In some articles that I read, I often encountered the same formulation for one-dimensional conservation laws of the form $$u_t+(F(u)u)_x=0$$ where $F(u)$ may also depend on $u_x$, etc., and $u(t=0,x)=u_0(x)$ is given. The unknown function is $u : \mathbb{R}_t \times \mathbb{R}_x \to \mathbb R$.
Let $X(t, \cdot) : \mathbb{R} \to \mathbb{R}$ defined by $X_t=F(t,u(t,X(t,x)))$, $X(0,x)=x$, which is the Lagrangian map of the field $F$, then solutions of the form $$u(t,X(t,x))=\frac{1}{X_x(t,x)}u_0(x)$$ may be sought.

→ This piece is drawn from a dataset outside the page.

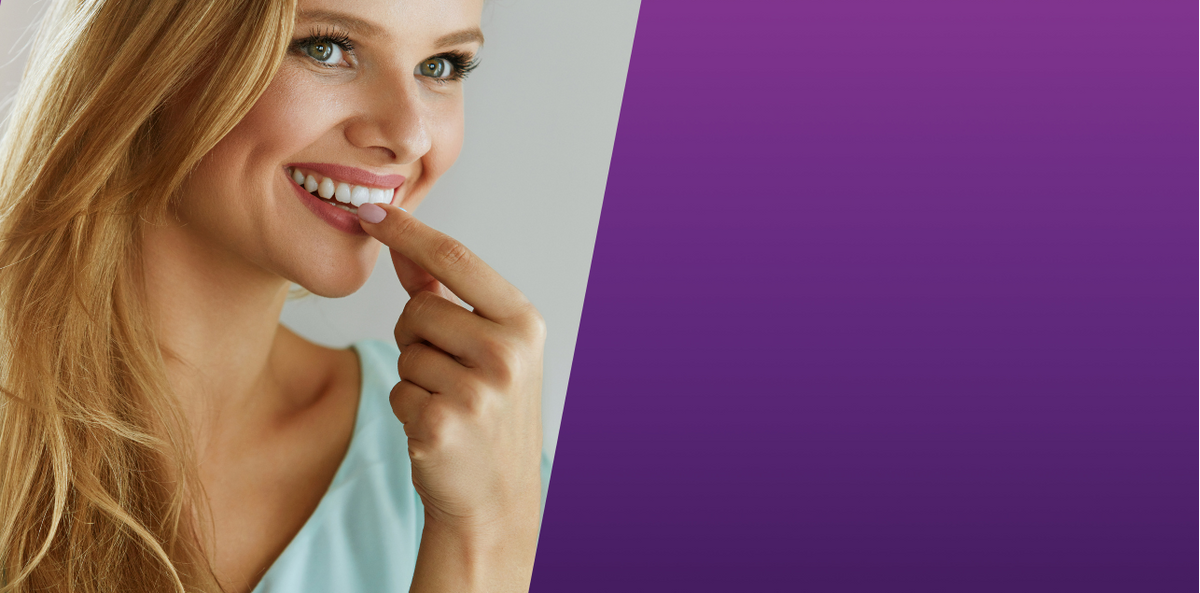 Smiling blonde woman showing her bright white teeth on a purple background.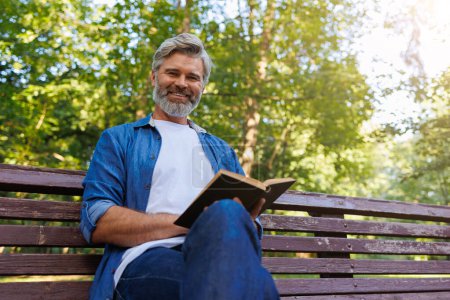Tranquil Park Scene: Man Engrossed in Reading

Question: Is there an explanation of the last expression? Is it natural?
Because usually we want to write $u(t,x)=u_0(X(t,x))$ and then look for the equation satisfied by $X$. Here I find the expression for $u$ somehow unnatural and unexpected. The previous equations and notations arise in the article (1), §3.1.1 (p. 12 of the arXiv preprint).
(1) P. Germain, B. Harrop-Griffiths, J.L. Marzuola, "Existence and uniqueness of solutions for a quasilinear KdV equation with degenerate dispersion", Comm. Pure Appl. Math., 2019. doi:10.1002/cpa.21828 arXiv:1801.00420v1
If $\frac{\text d}{\text dt}(X_xu)$ would be zero, then we would have $X_xu=u_0(x)$. With the present notations, we find $$ \begin{aligned} \frac{\text d}{\text dt}(X_x u) &= X_{xt}u+X_x(u_t+u_XX_t) \\ &= b_xu+X_x(−(bu)_x+u_Xb)\\ &=X_x(1−X_x)(bu)_X \end{aligned} $$ which is nonzero in general. However, considering that $(bu)_x$ represents differentiation w.r.t. the second variable of $[bu](t,X(t,x))$, then we may rewrite the conservation law as $ u_t + (bu)_X = 0 $. Doing so, $\frac{\text d}{\text dt}(X_xu)$ vanishes, and the proposed solution is obtained.